> [SOURCE MATERIAL]:
────────────────────

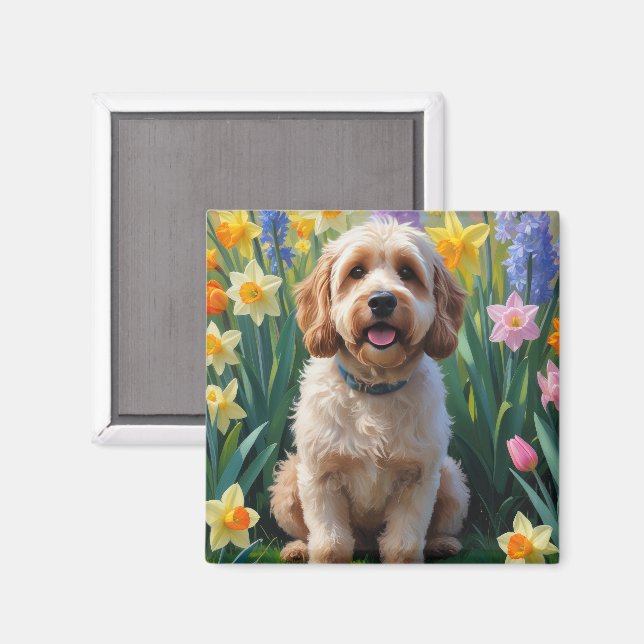 Imã Pintura de Flores de Primavera do Cão Cockapoo (Front/Back)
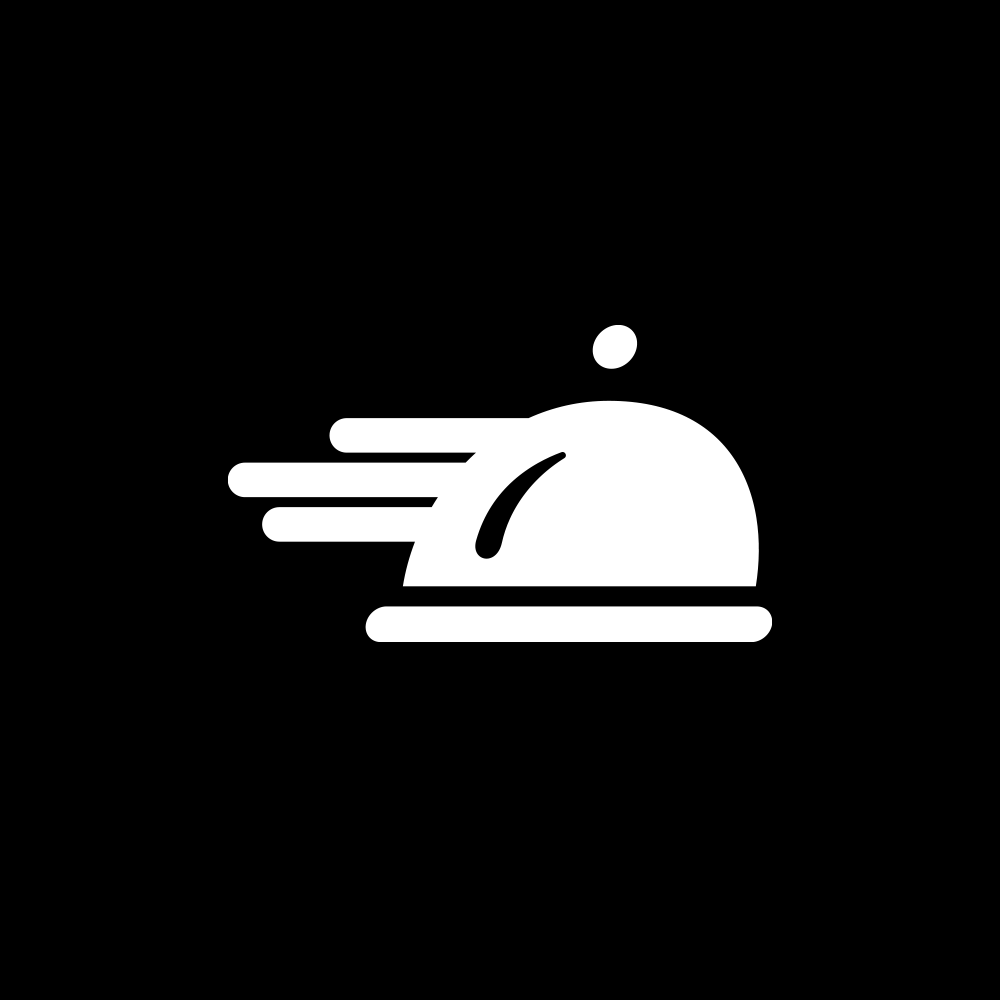 Logo de Food Korp: campana de servicio con líneas de velocidad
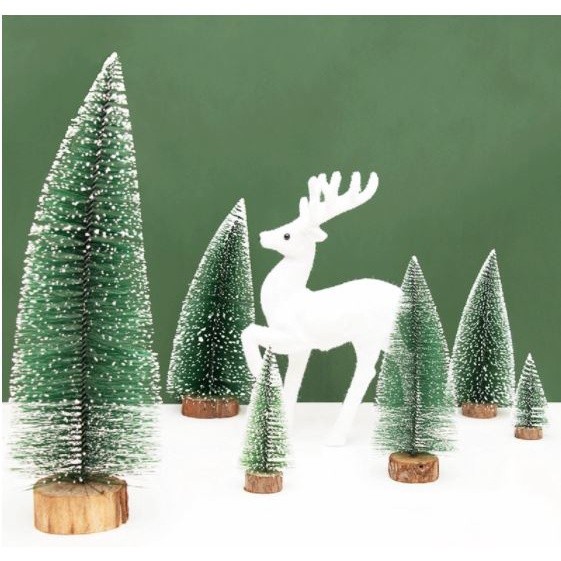 7/9/10/15/20cm Mini Snow Pine Needle Tree Bauble Crafts Noel Tree Ornaments Wooden Christmas Decorations for Home(1102L) - Image 3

────────────────────

> [TASK TO COMPLETE]: Your copy should match the material above exactly, minus its pictures.

> [RESULT FOR THIS EXERCISE]:
 Imã Pintura de Flores de Primavera do Cão Cockapoo (Front/Back)
 Logo de Food Korp: campana de servicio con líneas de velocidad
 7/9/10/15/20cm Mini Snow Pine Needle Tree Bauble Crafts Noel Tree Ornaments Wooden Christmas Decorations for Home(1102L) - Image 3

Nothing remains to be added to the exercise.